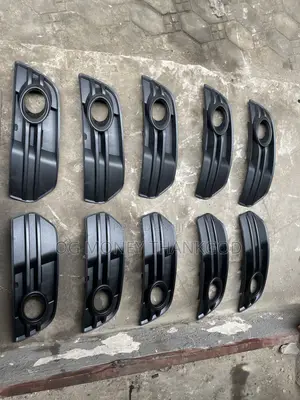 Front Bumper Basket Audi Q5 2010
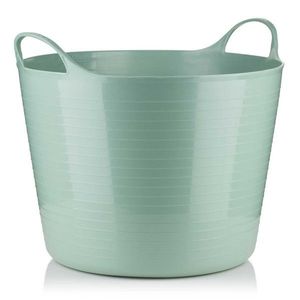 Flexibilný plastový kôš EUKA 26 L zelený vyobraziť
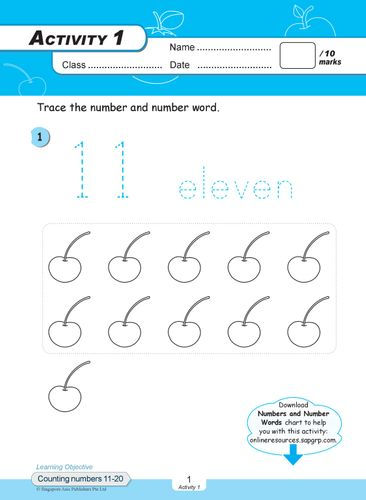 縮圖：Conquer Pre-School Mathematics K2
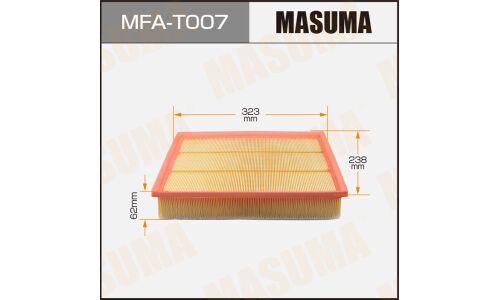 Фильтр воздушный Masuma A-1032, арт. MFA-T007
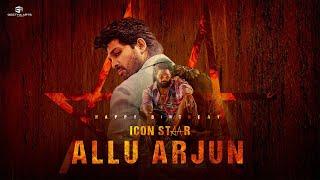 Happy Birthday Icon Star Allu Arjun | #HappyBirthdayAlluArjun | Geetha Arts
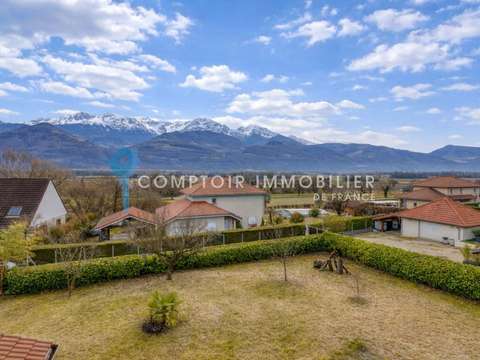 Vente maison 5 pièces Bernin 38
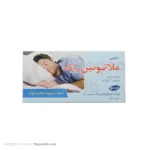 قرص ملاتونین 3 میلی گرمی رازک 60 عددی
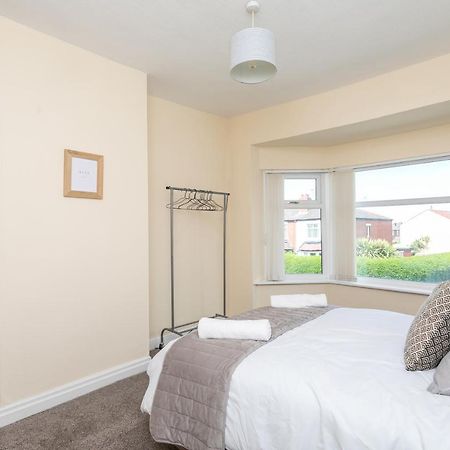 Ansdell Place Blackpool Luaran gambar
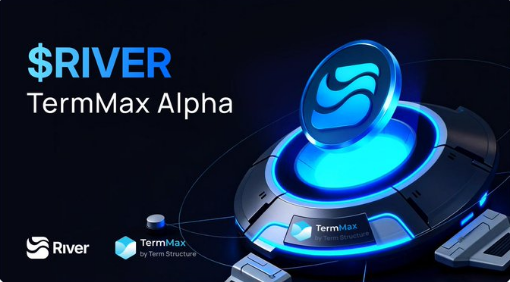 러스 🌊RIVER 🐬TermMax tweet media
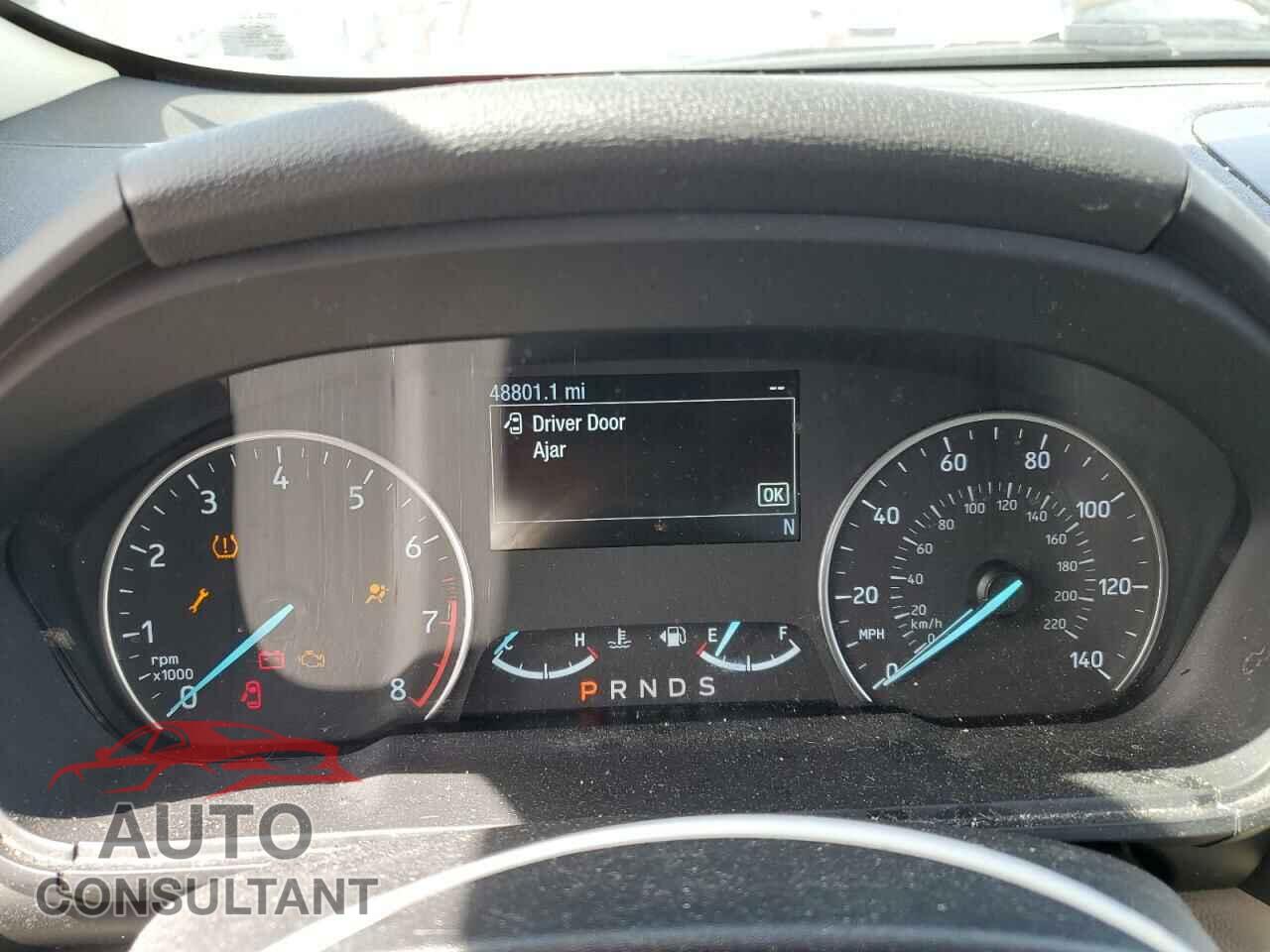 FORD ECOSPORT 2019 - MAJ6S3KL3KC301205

• Exercise details
The lines from the one containing "Happy Birthday Icon" to the final line of the material, both ends included, should be retyped exactly and alone, with no pictures.

• Task answer
 Happy Birthday Icon Star Allu Arjun | #HappyBirthdayAlluArjun | Geetha Arts
 Vente maison 5 pièces Bernin 38
 قرص ملاتونین 3 میلی گرمی رازک 60 عددی
 Ansdell Place Blackpool Luaran gambar
 러스 🌊RIVER 🐬TermMax tweet media
 FORD ECOSPORT 2019 - MAJ6S3KL3KC301205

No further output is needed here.